Maximizing social welfare
Minimizing consumer surplus
Maximizing profit
Minimizing production costs
#8
Which concept implies that market prices reflect all available information?
Market equilibrium
Market efficiency
Price discrimination
Monopolistic competition
#9
What is the efficient market hypothesis (EMH)?
It suggests that market prices always reflect the true value of assets.
It states that market prices may not accurately reflect all available information.
It proposes that market prices are determined solely by supply and demand.
It argues that market prices are influenced by irrational investor behavior.
#10
What is a characteristic of monopolistic competition?
Many sellers, differentiated products
Few sellers, identical products
One seller, unique product
Few sellers, differentiated products
#11
What does the term 'price discrimination' refer to?

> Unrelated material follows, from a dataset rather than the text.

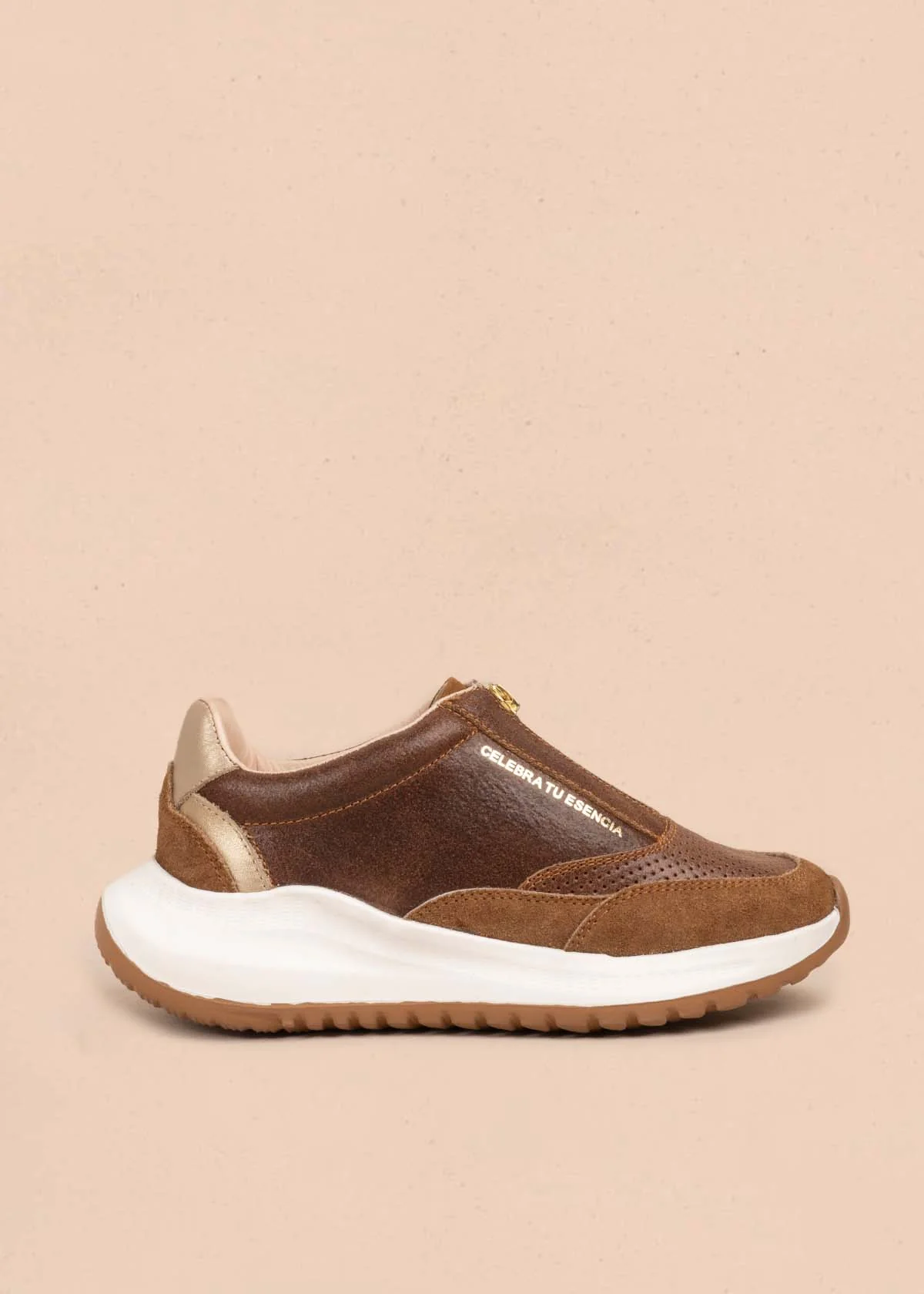 Tenis casuales en cuero color miel con cierre frontal 105917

Selling identical products at different prices to different consumers
Maintaining a single price for all consumers
Regulating prices by government authorities
Setting prices based on production costs
#12
What is a characteristic of oligopoly?
Many firms selling similar products
Few firms selling identical products
One firm selling a unique product
Many firms selling differentiated products
#13
Which factor can lead to market inefficiency?
Perfect information
Government regulation
Increased competition
Decreased consumer demand
#14
What is a feature of a monopolistic competition market structure?
Homogeneous products
Many firms selling identical products
Few firms selling differentiated products
One firm selling a unique product
#15
Which form of market efficiency implies that past prices and information cannot be used to consistently outperform the market?
Weak form efficiency
Semi-strong form efficiency
Strong form efficiency
Perfect form efficiency
#16
Which of the following is NOT a condition for market efficiency according to the efficient market hypothesis?
Investors are rational
There are no transaction costs
Information is freely available
There are no taxes on investments
#17
What does the term 'arbitrage' mean in the context of market efficiency?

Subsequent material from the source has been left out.